**What is needed:** There are pictures in the records below; leave them out and set down exactly the lines from the one holding "Hey guys, Kevin" through the one holding "Do not keep".

**Exercise inputs:**
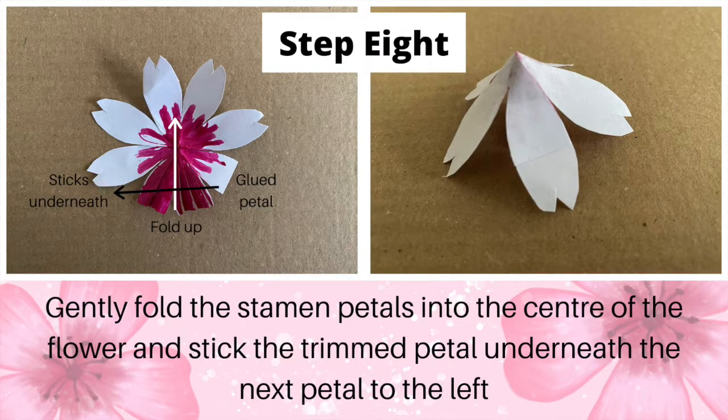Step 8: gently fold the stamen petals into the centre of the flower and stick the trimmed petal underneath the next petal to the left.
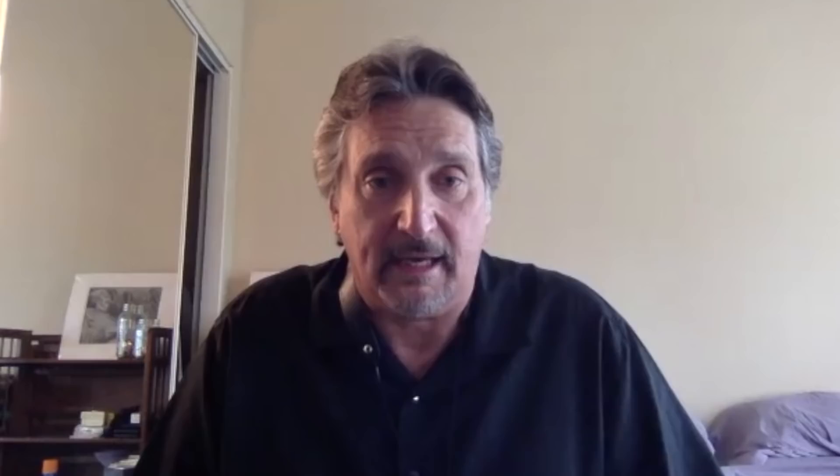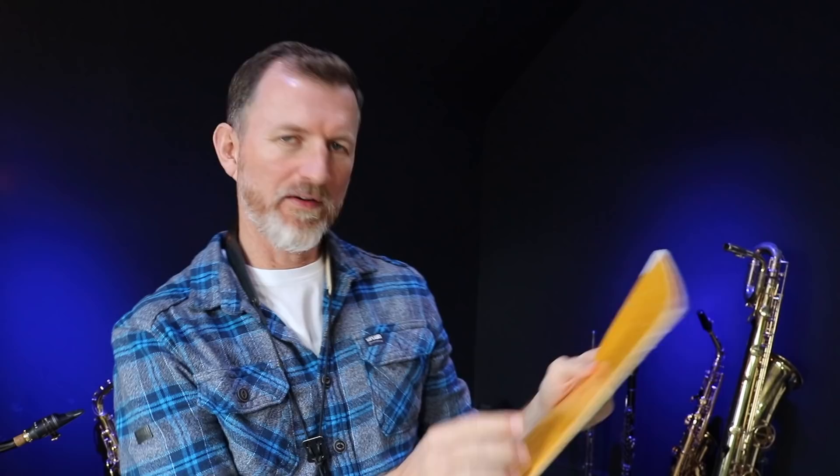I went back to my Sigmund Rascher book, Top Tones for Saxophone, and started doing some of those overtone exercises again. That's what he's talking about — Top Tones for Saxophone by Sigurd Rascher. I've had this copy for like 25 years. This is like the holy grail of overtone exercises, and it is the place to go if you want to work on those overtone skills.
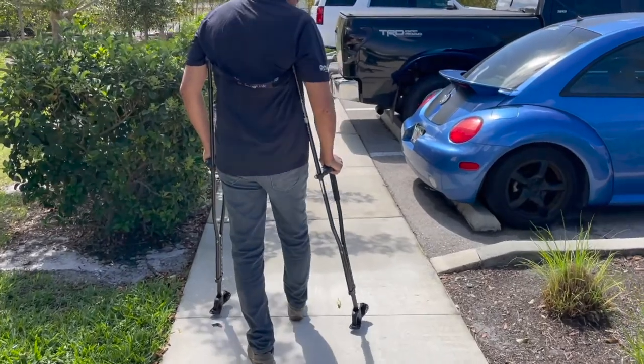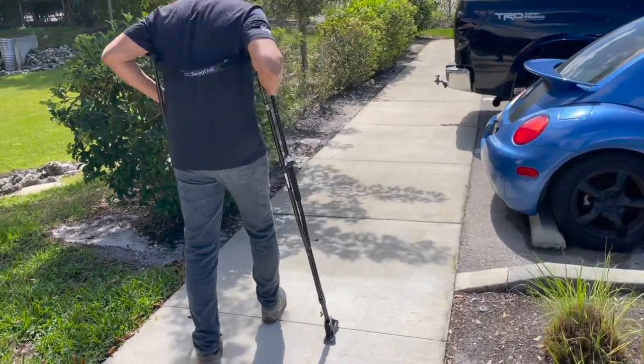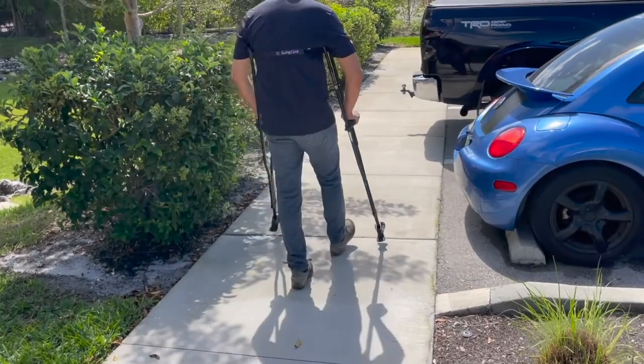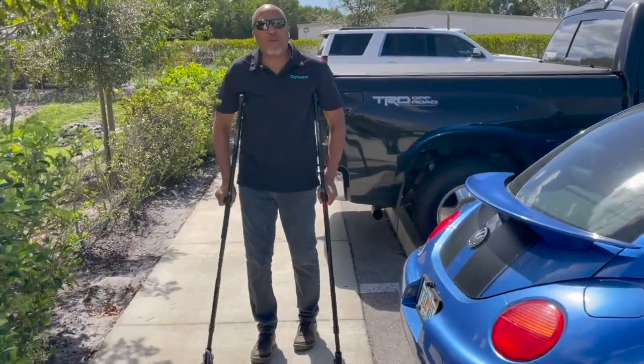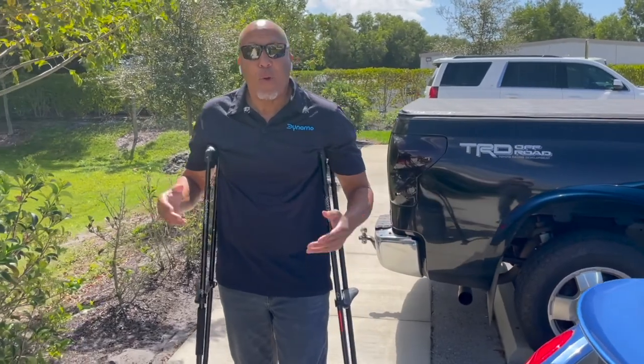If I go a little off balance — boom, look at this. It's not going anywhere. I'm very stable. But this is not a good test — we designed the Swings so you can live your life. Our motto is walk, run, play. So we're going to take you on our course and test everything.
* * *
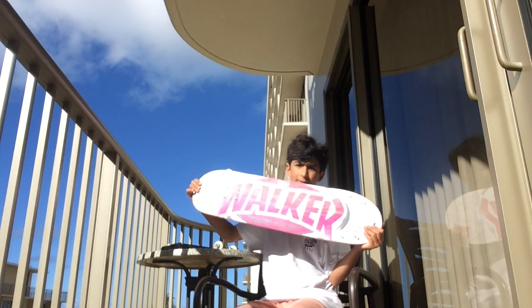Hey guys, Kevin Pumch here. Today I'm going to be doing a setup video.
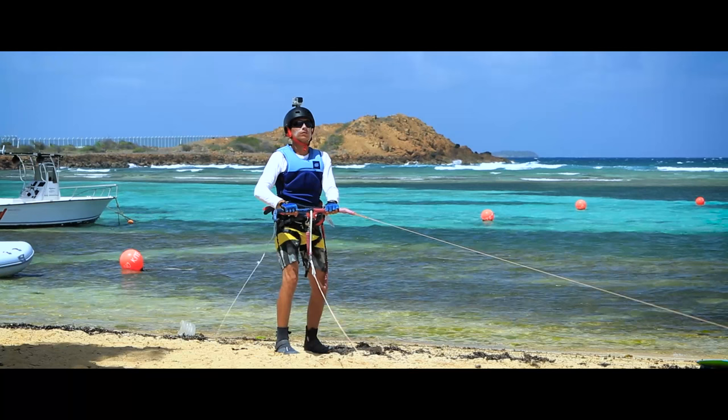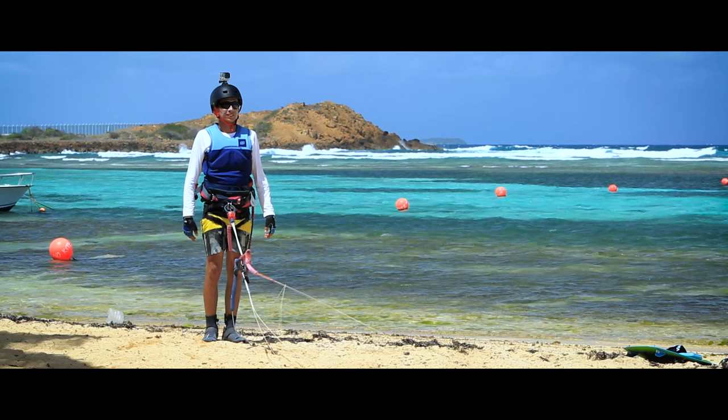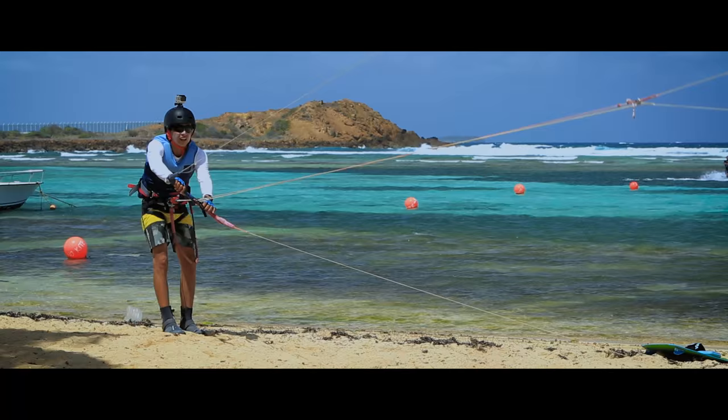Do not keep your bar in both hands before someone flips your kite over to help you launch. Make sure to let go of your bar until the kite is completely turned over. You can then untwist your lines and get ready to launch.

**Answer to this exercise:**
Hey guys, Kevin Pumch here. Today I'm going to be doing a setup video.
Do not keep your bar in both hands before someone flips your kite over to help you launch. Make sure to let go of your bar until the kite is completely turned over. You can then untwist your lines and get ready to launch.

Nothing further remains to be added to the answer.